BrEq Output 1 Equal to one if the two values are equal
BrLt Output 1 Equal to one if the value in rs1 is less than the value in rs2

Info: Immediate Generator

The Immediate Generator (“Imm Gen”) unit (located in imm-gen.circ) provided in the skeleton is unimplemented. The addi instruction requires an immediate generator, but for now you can hard-wire it to construct the immediate for the addi instruction, without worrying about other immediate types.

To edit this subcircuit, edit the imm-gen.circ file and not the imm_gen in cpu.circ. Note that if you modify this circuit, you will need to close and re-open cpu.circ to load the changes in your CPU.

Here’s a quick summary of its inputs and outputs:

Signal Name Direction Bit Width Description
inst Input 32 The instruction being executed
ImmSel Input 3 Value determining how to reconstruct the immediate
imm Output 32 Value of the immediate in the instruction

Info: Processor

We have provided a skeleton for your processor in cpu.circ. You will be using your own implementations of the ALU and RegFile as you construct your datapath. You are responsible for constructing the entire datapath from scratch. For Part A, your completed processor should support executing the addi instruction in a single cycle (i.e. no pipelining). In Part B, we’ll modify your CPU to use a 2-stage pipeline, with IF in the first stage and ID, EX, MEM, and WB in the second stage.

Your processor will sit in a processor harness cpu-harness.circ that contains the Memory unit. That processor harness then sits in a testing harness run.circ that provides the instructions to the processor. Your process will output the address of an instruction, and accept the instruction at that address as an input. It will also output the data memory address, data memory write enable, and accept the data at that address as an input. Essentially, these two test harnesses are your data memory and instruction respectively. We recommend that you take some time to inspect cpu-harness.circ and run.circ to see exactly what’s going on. cpu-harness.circ will be used in the tests provided to you for sanity checking, so make sure your CPU fits in the harness before testing and submitting your work! Your processor has 3 inputs that come from the harness:

Input Name Bit Width Description
READ_DATA 32 Driven with the data at the data memory address identified by the WRITE_ADDRESS (see below).
INSTRUCTION 32 Driven with the instruction at the instruction memory address identified by the FETCH_ADDRESS (see below).
CLOCK 1 The input for the clock. As with the register file, this can be sent into subcircuits (e.g. the CLK input for your register file) or attached directly to the clock inputs of memory units in Logisim, but should not otherwise be gated (i.e., do not invert it, do not AND it with anything, etc.).

Your processor must provide the following outputs to the first level harness:

Output Name Bit Width Description
ra 32 Driven with the contents of ra (FOR TESTING)
sp 32 Driven with the contents of sp (FOR TESTING)
t0 32 Driven with the contents of t0 (FOR TESTING)
t1 32 Driven with the contents of t1 (FOR TESTING)
t2 32 Driven with the contents of t2 (FOR TESTING)
s0 32 Driven with the contents of s0 (FOR TESTING)
s1 32 Driven with the contents of s1 (FOR TESTING)
a0 32 Driven with the contents of a0 (FOR TESTING)
tohost 32 Driven with the contents of CSR 0x51E (FOR TESTING, for Part A leave it as-is)
WRITE_ADDRESS 32 This output is used to select which address to read/write data from in data memory.
WRITE_DATA 32 This output is used to provide write data to data memory.
WRITE_ENABLE 4 This output is used to provide the write enable mask to data memory.
PROGRAM_COUNTER 32 This output is used to select which instruction is presented to the processor on the INSTRUCTION input.

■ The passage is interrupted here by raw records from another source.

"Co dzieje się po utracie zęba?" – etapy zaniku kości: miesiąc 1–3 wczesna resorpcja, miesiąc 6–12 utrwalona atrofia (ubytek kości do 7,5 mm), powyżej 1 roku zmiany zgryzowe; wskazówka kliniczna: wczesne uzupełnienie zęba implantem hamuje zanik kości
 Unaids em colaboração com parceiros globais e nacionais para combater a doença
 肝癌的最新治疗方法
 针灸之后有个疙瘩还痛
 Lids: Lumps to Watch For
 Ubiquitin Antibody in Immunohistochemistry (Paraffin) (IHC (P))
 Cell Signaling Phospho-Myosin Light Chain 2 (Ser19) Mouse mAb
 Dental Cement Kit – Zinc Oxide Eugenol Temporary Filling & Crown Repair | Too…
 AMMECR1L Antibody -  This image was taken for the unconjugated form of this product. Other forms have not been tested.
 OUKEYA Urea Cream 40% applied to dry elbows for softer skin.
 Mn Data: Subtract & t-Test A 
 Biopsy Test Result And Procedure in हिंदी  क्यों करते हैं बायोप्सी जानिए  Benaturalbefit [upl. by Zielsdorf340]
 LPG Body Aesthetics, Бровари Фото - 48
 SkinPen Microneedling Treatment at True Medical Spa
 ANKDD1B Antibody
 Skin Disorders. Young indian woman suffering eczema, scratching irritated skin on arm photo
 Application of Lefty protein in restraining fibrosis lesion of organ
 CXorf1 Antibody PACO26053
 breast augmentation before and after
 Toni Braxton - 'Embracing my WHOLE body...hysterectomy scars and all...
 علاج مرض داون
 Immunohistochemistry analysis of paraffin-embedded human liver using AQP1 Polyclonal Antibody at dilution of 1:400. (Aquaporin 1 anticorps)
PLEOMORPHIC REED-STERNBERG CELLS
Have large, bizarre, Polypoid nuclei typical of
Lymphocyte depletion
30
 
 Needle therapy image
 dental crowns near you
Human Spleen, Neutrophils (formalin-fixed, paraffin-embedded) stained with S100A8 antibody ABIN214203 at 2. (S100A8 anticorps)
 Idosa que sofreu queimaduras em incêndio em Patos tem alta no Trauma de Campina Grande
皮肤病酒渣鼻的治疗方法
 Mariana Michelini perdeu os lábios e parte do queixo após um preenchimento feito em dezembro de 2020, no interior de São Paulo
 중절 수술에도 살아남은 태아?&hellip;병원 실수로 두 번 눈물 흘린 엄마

Just like with the ALU and RegFile, make sure that you do not edit the input/output pins or add new ones!


Info: Control Logic

The Control Logic unit (control-logic.circ) provided in the skeleton is unimplemented. Designing your control logic unit will probably be your biggest challenge in Part B. For Part A, you can put a constant for each control signal, because addi is the only instruction you’ll be implementing. As you implement addi, think about where you’ll need to make additions in order to support other instructions.

To edit this subcircuit, edit the control-logic.circ file and not the control_logic in cpu.circ. Note that if you modify this circuit, you will need to close and re-open cpu.circ to load the changes in your CPU.

You are welcome to add more input/output pins to the starter control logic as your design demands. You may also use as many or as few of the supplied ports as needed. However, please do not edit any of the existing pins during this process.


Single Stage CPU: A Guide

We know that trying to build a CPU with a blank slate might be intimidating, so we wrote the following guide to help you.

Recall the five stages of the CPU pipeline:

  1. Instruction Fetch (IF)
  2. Instruction Decode (ID)
  3. Execute (EX)
  4. Memory (MEM)
  5. Write Back (WB)

This guide will help you work through each of these stages for the addi instruction. Each section will contain questions for you to think through and pointers to important details, but it won’t tell you exactly how to implement the instruction.

You may need to read and understand each question before going to the next one, and you can see the answers by clicking on the question. During your implementation, feel free to place things in subcircuits as you see fit.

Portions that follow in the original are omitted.